How it works
This section of the documentation is intended to provide a high-level overview of the way in which formulae are interpreted and materialized by Formulaic.
Recall that the goal of a formula is to act as a recipe for building a "model matrix" (also known as a "design matrix") from an existing dataset. Following the recipe should result in a dataset that consists only of numerical columns that can be linearly combined to model an outcome/response of interest (the coefficients of which typically being estimated using linear regression).

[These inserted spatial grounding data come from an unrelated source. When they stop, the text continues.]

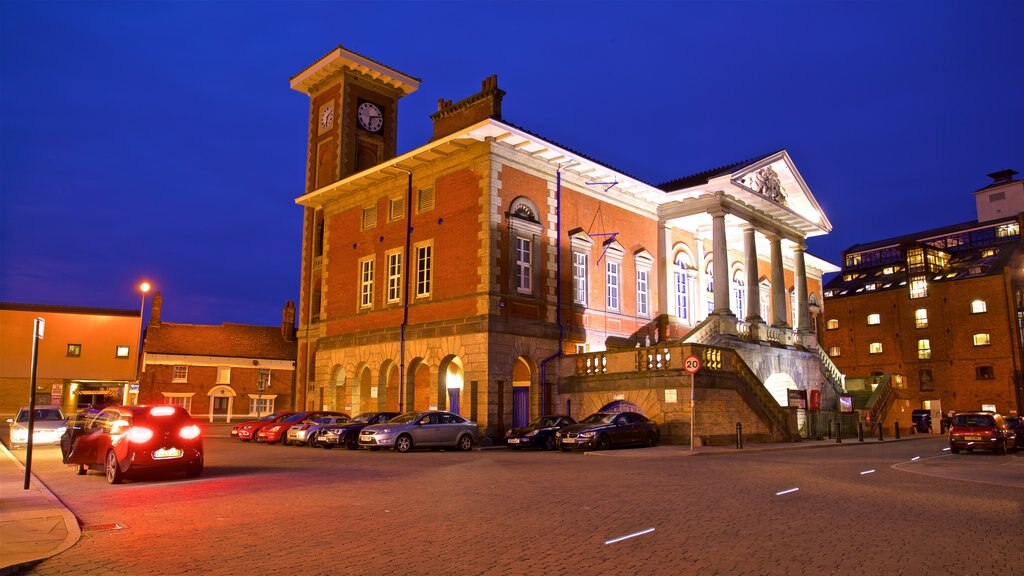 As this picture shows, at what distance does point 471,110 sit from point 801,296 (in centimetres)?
2152

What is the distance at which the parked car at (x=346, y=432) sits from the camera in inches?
1078

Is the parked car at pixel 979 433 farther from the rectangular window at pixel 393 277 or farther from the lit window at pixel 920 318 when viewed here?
the lit window at pixel 920 318

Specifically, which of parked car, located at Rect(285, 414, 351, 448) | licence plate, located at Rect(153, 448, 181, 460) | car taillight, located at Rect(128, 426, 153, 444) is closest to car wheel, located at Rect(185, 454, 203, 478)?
licence plate, located at Rect(153, 448, 181, 460)

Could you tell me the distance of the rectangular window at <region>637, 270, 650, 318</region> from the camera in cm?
3594

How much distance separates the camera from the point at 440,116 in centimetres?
3244

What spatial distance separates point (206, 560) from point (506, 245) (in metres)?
22.6

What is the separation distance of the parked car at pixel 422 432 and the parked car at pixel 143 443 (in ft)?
29.7

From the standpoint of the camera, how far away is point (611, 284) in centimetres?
Result: 3447

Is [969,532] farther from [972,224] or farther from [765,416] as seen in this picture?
[972,224]

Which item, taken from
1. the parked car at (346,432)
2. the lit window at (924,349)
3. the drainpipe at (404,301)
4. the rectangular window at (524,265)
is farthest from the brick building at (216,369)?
the lit window at (924,349)

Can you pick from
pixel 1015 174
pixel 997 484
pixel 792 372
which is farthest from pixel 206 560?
pixel 1015 174

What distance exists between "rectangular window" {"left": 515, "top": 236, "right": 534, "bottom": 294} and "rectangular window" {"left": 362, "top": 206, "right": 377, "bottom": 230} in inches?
329

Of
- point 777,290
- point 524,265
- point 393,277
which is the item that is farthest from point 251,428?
point 777,290

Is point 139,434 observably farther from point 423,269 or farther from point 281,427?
point 423,269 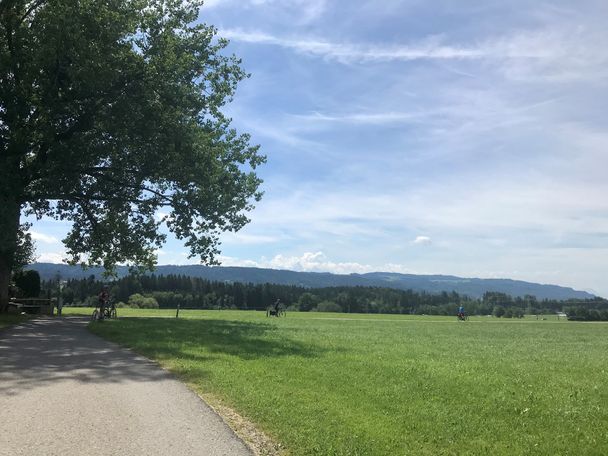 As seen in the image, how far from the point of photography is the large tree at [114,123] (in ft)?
72.9

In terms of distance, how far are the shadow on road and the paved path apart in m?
0.02

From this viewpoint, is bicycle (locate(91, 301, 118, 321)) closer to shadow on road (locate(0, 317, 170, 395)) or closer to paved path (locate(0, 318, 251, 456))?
shadow on road (locate(0, 317, 170, 395))

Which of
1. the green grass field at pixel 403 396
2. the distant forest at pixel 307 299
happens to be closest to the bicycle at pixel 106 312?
the green grass field at pixel 403 396

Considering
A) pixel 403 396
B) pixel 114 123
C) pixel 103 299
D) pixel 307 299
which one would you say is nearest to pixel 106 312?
pixel 103 299

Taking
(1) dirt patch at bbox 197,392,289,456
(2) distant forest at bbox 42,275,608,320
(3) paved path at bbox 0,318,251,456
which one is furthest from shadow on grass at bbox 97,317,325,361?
(2) distant forest at bbox 42,275,608,320

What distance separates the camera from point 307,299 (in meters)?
95.9

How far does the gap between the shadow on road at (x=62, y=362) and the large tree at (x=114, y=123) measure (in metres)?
7.27

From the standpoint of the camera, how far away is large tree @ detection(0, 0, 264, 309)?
72.9ft

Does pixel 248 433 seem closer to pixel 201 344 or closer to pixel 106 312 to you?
pixel 201 344

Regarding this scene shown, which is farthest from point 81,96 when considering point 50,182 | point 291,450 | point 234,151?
point 291,450

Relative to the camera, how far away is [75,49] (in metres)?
21.6

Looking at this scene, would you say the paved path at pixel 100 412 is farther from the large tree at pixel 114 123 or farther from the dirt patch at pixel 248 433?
the large tree at pixel 114 123

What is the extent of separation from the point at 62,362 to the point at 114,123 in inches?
548

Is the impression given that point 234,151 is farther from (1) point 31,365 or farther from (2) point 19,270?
(1) point 31,365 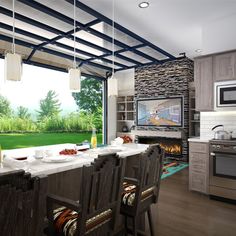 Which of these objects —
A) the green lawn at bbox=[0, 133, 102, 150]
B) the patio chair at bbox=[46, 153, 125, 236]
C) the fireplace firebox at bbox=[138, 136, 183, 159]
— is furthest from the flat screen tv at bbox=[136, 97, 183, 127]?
the patio chair at bbox=[46, 153, 125, 236]

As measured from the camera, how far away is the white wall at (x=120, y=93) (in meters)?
7.86

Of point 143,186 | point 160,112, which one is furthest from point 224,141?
point 160,112

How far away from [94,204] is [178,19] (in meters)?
3.58

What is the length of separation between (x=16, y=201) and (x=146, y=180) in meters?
1.24

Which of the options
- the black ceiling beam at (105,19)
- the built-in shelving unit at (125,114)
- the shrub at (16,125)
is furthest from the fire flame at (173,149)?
the shrub at (16,125)

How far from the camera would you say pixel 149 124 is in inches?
282

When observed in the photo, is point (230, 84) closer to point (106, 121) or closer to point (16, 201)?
point (16, 201)

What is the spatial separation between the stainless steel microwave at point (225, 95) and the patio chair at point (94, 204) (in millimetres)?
2797

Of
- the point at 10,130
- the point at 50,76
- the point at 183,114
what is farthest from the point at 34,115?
the point at 183,114

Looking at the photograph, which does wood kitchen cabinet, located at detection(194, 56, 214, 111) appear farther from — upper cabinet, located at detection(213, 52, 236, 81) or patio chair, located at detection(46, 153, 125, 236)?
patio chair, located at detection(46, 153, 125, 236)

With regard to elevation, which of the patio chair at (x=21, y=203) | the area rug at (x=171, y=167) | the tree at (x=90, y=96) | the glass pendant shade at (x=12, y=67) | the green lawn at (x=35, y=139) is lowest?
the area rug at (x=171, y=167)

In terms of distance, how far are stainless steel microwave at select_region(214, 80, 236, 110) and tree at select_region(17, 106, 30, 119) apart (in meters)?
5.15

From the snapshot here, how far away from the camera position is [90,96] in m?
7.88

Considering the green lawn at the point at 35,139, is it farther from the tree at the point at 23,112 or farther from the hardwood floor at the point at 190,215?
the hardwood floor at the point at 190,215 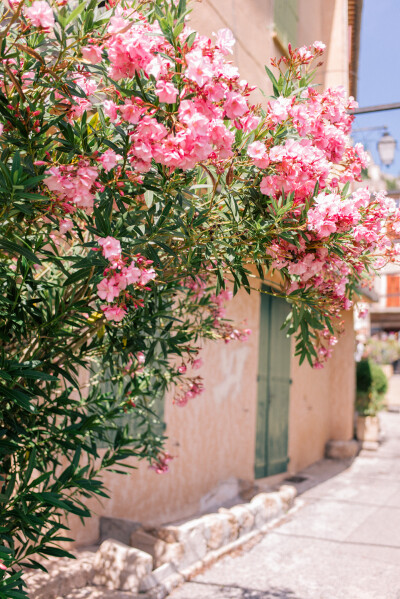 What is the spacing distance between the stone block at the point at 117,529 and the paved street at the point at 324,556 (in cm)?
72

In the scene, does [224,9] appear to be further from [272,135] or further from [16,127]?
[16,127]

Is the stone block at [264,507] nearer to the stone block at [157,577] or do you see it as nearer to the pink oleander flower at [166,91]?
the stone block at [157,577]

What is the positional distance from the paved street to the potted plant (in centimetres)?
400

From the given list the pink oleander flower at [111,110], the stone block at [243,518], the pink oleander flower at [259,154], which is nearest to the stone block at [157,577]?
the stone block at [243,518]

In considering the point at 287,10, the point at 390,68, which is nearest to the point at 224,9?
the point at 287,10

As such, this process will bake in any desired non-linearity via interactions or transforms, and will encode nominal/categorical/factor data as a collection of numerical contrasts.
The ingredients of each formula are the columns of the original dataset, and
each operator acting on these columns in the formula should be thought of as
inclusion/exclusion of the column in the resulting model matrix, or as a
transformation on the column(s) prior to inclusion. Thus, a +
operator does
not act in its usual algebraic manner, but rather acts as set union, indicating
that both the left- and right-hand arguments should be included in the model
matrix; a -
operator acts like a set difference; and so on.
Anatomy of a Formula¶
Formulas in Formulaic are represented by (subclasses of) the Formula
class. Instances of Formula
subclasses are a ultimately containers for sets of Term
instances, which in turn are a container for a set of Factor
instances. Let's start our dissection at the bottom, and work our way up.
Factor¶
Factor
instances are the atomic unit of a formula, and represent the output
of a single expression evaluation. Typically this will be one vector of data,
but could also be more than one column (especially common with categorically
encoded data).
A Factor
instance's expression can be evaluated in one of three ways:
- As a literal; in which case the expression is taken as number or string, and repeated over all rows in the resulting model matrix.
- As a lookup: in which case the expression is treated as a name to be looked up in the data context provided during materialization.
- As a Python expression: in which case it is executed in the data context provided.
Note: Factor instances act as metadata only, and are not directly
responsible for doing the evaluation. This is handled in a backend specific
way by the appropriate Materializer
instance.
In code, instantiating a factor looks like:
from formulaic.parser.types import Factor
Factor("1", eval_method="literal") # a factor that represents the numerical constant of 1
Factor("a") # a factor that will be looked up from the data context
Factor("a + b", eval_method="python") # a factor that will return the sum of `a` and `b`
a + b
Term¶
Term
instances are a thin wrapper around a set of Factor
instances, and
represent the Cartesian (or Kronecker) product of the factors. If all of the
Factor
instances evaluate to single columns, then the Term
represents the
product of all of the factor columns.
Instantiating a Term
looks like:
from formulaic.parser.types import Term
Term(factors=[Factor("b"), Factor("a"), Factor("c")])
b:a:c
Note that to ensure uniqueness in the representation, the factor instances are sorted.
Formula¶
Formula
instances are (potentially nested) wrappers around collections of
Term
instances. During materialization into a model matrix, each Term
instance will have its columns independently inserted into the resulting matrix.
Formula
instances can consist of a single "list" of Term
instances, or may
be "structured"; for example, we may want a separate collection of terms for the
left- and right-hand side of a formula; or to simultaneously construct multiple
model matrices for different parts of our modeling process.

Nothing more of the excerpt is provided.